L’équipe du Laboratoire du Professeur Hofman (Dr M. Ilie, Dr V. Hofman, Dr E. long, Mr E. Selva), en étroite collaboration avec les équipes de Chirurgie Thoracique du CHU de Nice (Pr J. Mouroux, Pr N. Vénissac, D. Pop) et de Pneumologie du CHU de Nice (Pr CH. Marquette, Dr M. Poudenx) a pu réaliser cette étude. Pour cela, elle a utilisé un test de cytopathologie sanguine issu de la recherche française, appelé ISET (Isolation by SizE of Tumor cells) et développé par la compagnie Rarecells Diagnostics, spin off de l’INSERM, Université Paris Descartes et AP-HP. Ce test permet d'isoler du sang tout type de cellules tumorales sans perte et en les laissant intactes, ouvrant ainsi sur leur diagnostic cytopathologique.
La méthode testée avec succès sur un groupe de 245 sujets sans cancer
L’équipe du Pr Hofman a étudié un groupe de 245 sujets sans cancer, y compris 168 patients à risque de développer un cancer du poumon car atteints de Bronchopathie Chronique Obstructive (BPCO), testés chaque année par ISET et CT-scan à basse dose. Des cellules cancéreuses circulantes ont été identifiées par l’utilisation du test ISET par Paul Hofman et collaborateurs chez 5 patients (3%), alors que le CT-scan ne détectait aucun nodule au niveau pulmonaire.

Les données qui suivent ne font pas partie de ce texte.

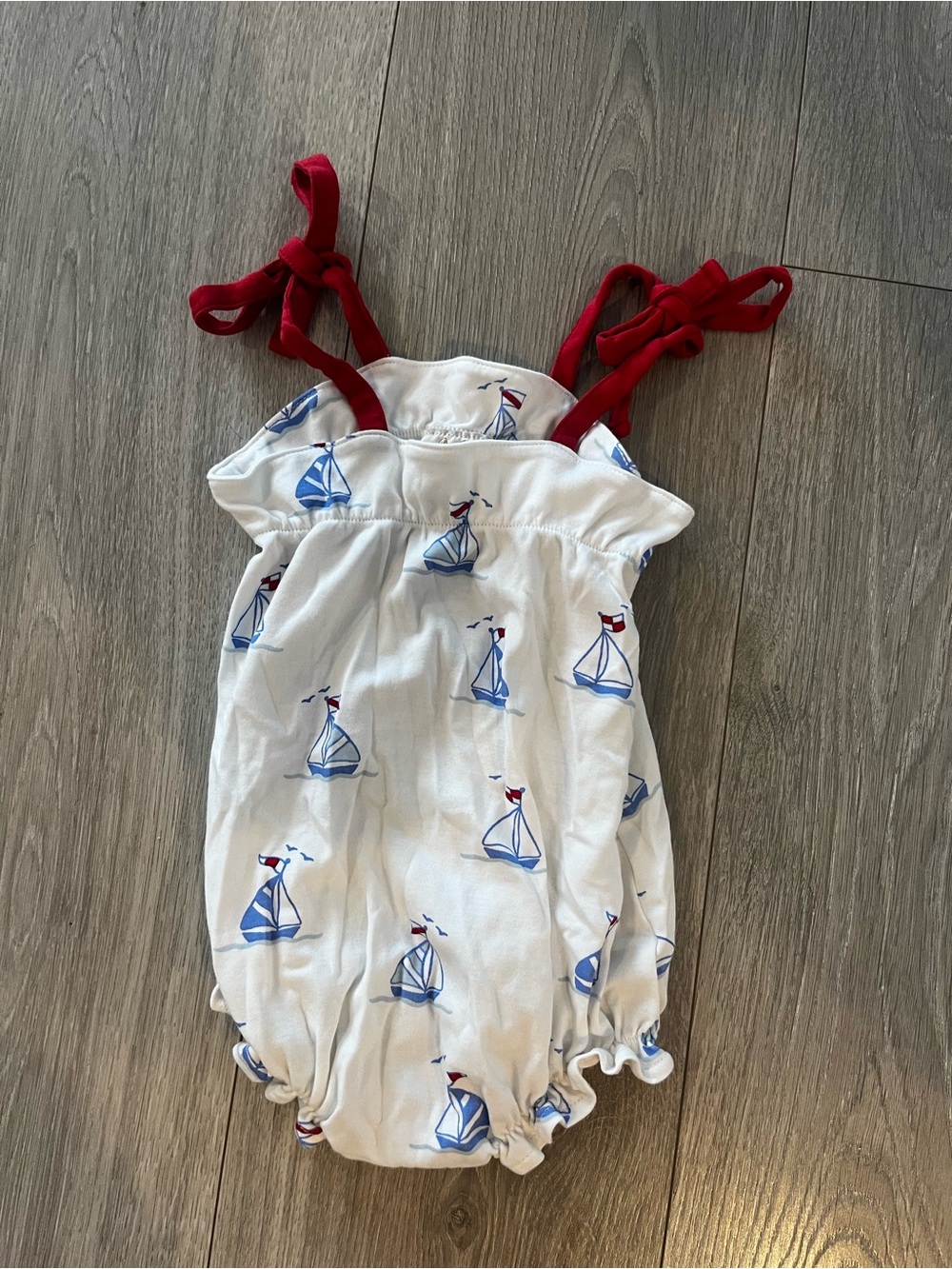 The Beaufort Bonnet Company White Romper with Blue Sailboats and Red Tie Straps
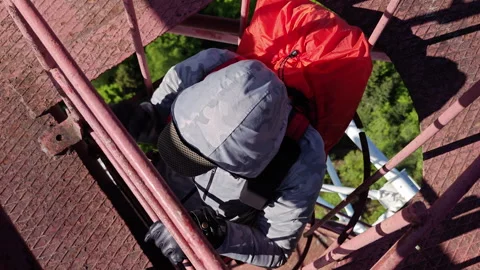 Man climbing vertical cage ladder inside 75m repurposed radar tower Video stock 338115685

Un nodule est devenu détectable, chez les 5 patients, de 1 à 4 ans après la détection des cellules cancéreuses circulantes par ISET. Les 5 patients ont été immédiatement opérés et l’analyse pathologique effectuée sur le nodule a confirmé le diagnostic de cancer du poumon. Le suivi d’un an minimum après chirurgie n’a montré aucun signe de récidive chez les 5 patients.
Le cancert du poumon parmi les plus meurtriers
Le cancer du poumon, faut-il le rappeler, est parmi les plus meurtriers. Selon l’American Cancer Society (ACS), la survie de ces patients à un an est de 44%. A 5 ans, ce taux descend dramatiquement à 16%. Seulement 15% de ces cancers sont actuellement diagnostiqués à un stade de maladie localisée. Selon l’Institut national de la santé américain, le cancer du poumon a coûté au système de santé $ 12,1 milliards en 2010.

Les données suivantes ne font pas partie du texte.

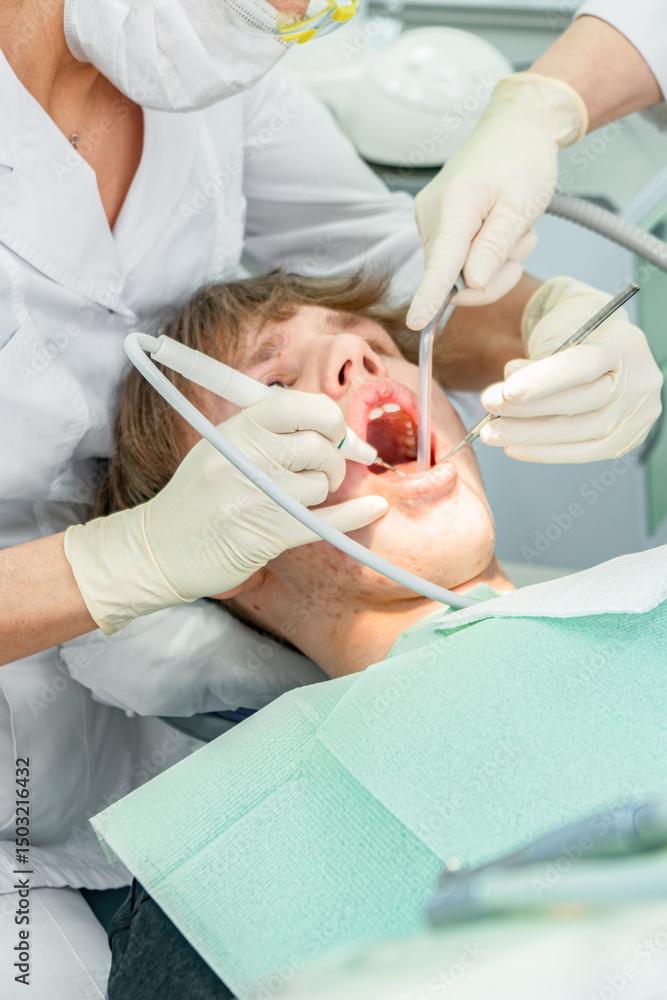 Obraz premium Teenager undergoes dental procedures in a bright clinic with professionals attending to oral health needs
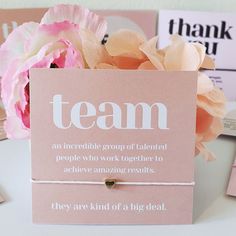 there is a pink card with the words team on it next to flowers and cards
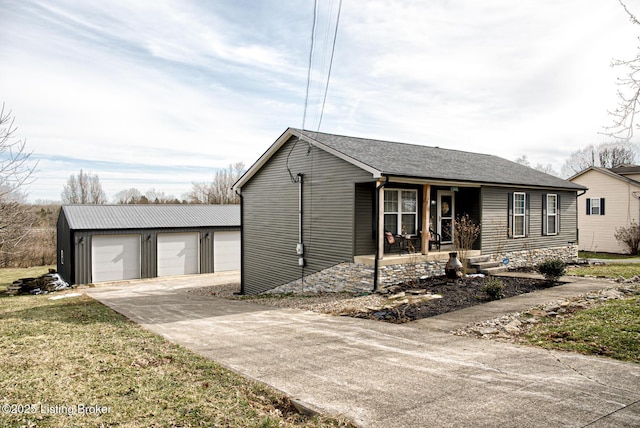 single story home with a porch and an outdoor structure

On imagine donc l'ampleur des espoirs que porte la découverte niçoise. La détection précoce de ce type de cancers pourrait à la fois améliorer la survie et permettre, dans un autre registre, des économies dans les budgets santé. La BPCO est la 3e cause de décès aux US et sa cause principale est le tabagisme.
En avril dernier un article du prestigieux New York Times avait fait le point sur toutes les méthodes innovantes en oncologie prédictive et conclu qu’aucune méthode n’avait été capable de détecter le cancer avant les approches classiques d’imagerie. Un défi qui devrait être aujourd'hui remporté pour la première fois par l’action combinée gagnante de deux équipes françaises, celle de Rarecells Diagnostics qui a développé le test et celle du Professeur Paul Hofman qui a appliqué la méthode et réalisé cette étude.